_ACTION ITEM_.
Copy out the data below from the line containing "FreeSync 2 is" to the line containing "When driving conditions", both lines included, with all images left out.

_PROVIDED INFORMATION_.
==================================================

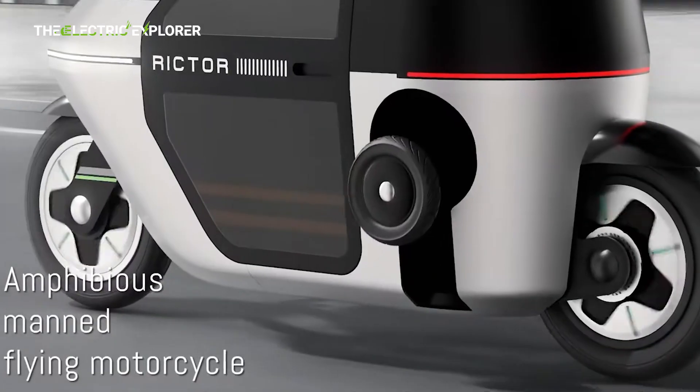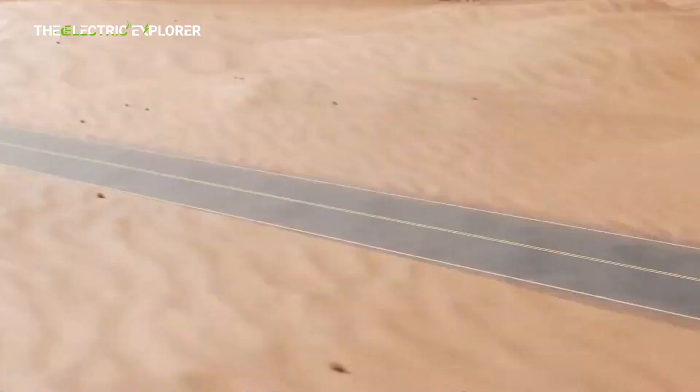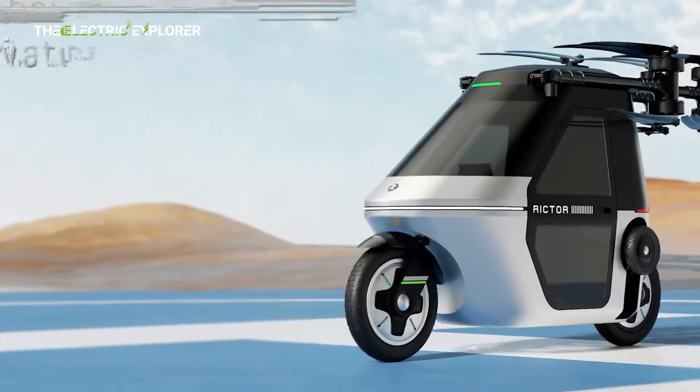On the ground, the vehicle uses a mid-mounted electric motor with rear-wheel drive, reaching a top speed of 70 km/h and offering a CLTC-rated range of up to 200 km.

==================================================

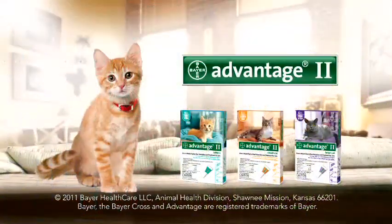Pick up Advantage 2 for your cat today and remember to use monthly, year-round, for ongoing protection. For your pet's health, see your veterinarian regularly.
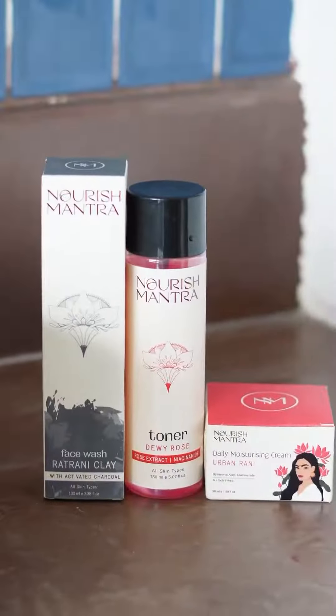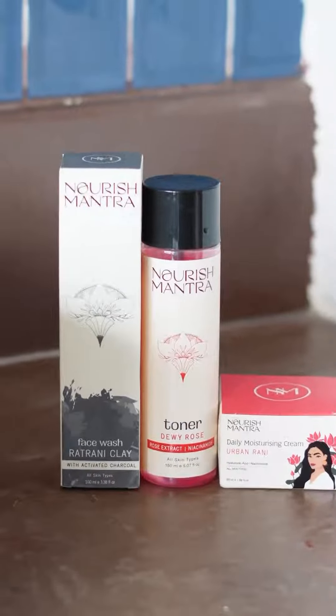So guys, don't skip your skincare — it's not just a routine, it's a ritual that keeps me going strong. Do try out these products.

==================================================

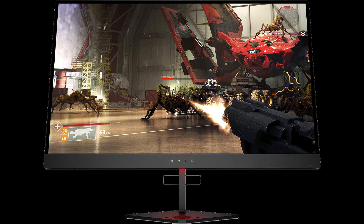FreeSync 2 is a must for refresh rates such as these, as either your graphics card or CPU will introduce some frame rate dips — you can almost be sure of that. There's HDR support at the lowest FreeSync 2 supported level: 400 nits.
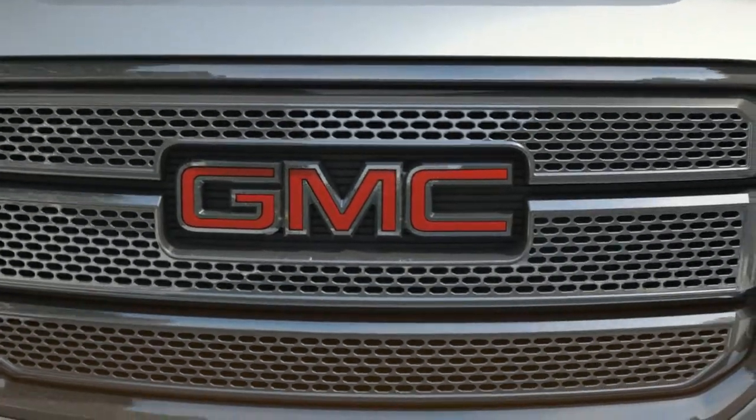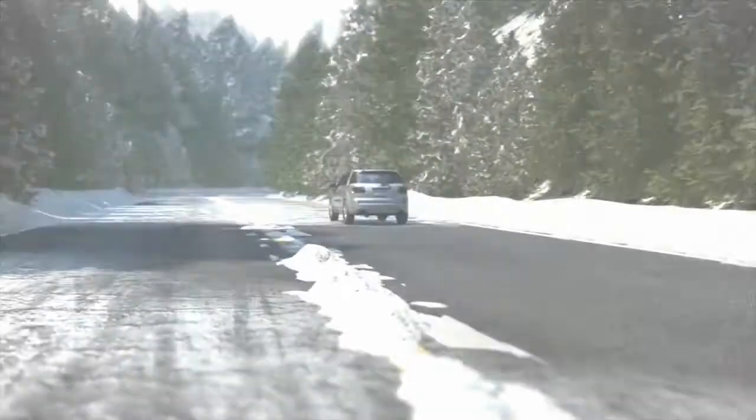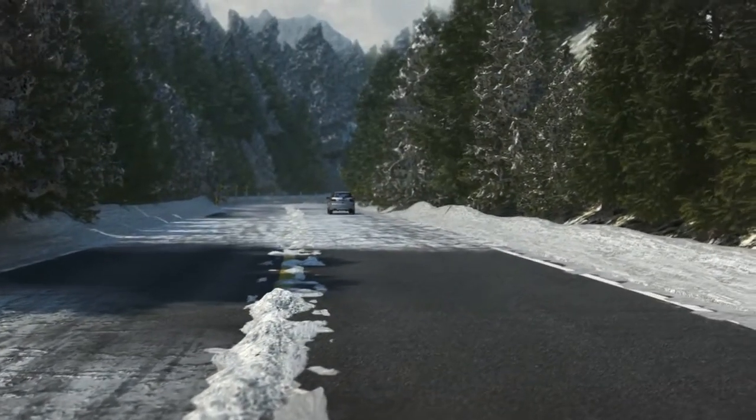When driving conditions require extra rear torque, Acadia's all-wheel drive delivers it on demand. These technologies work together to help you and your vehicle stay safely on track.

==================================================

_PROBLEM SOLUTION_.
FreeSync 2 is a must for refresh rates such as these, as either your graphics card or CPU will introduce some frame rate dips — you can almost be sure of that. There's HDR support at the lowest FreeSync 2 supported level: 400 nits.
When driving conditions require extra rear torque, Acadia's all-wheel drive delivers it on demand. These technologies work together to help you and your vehicle stay safely on track.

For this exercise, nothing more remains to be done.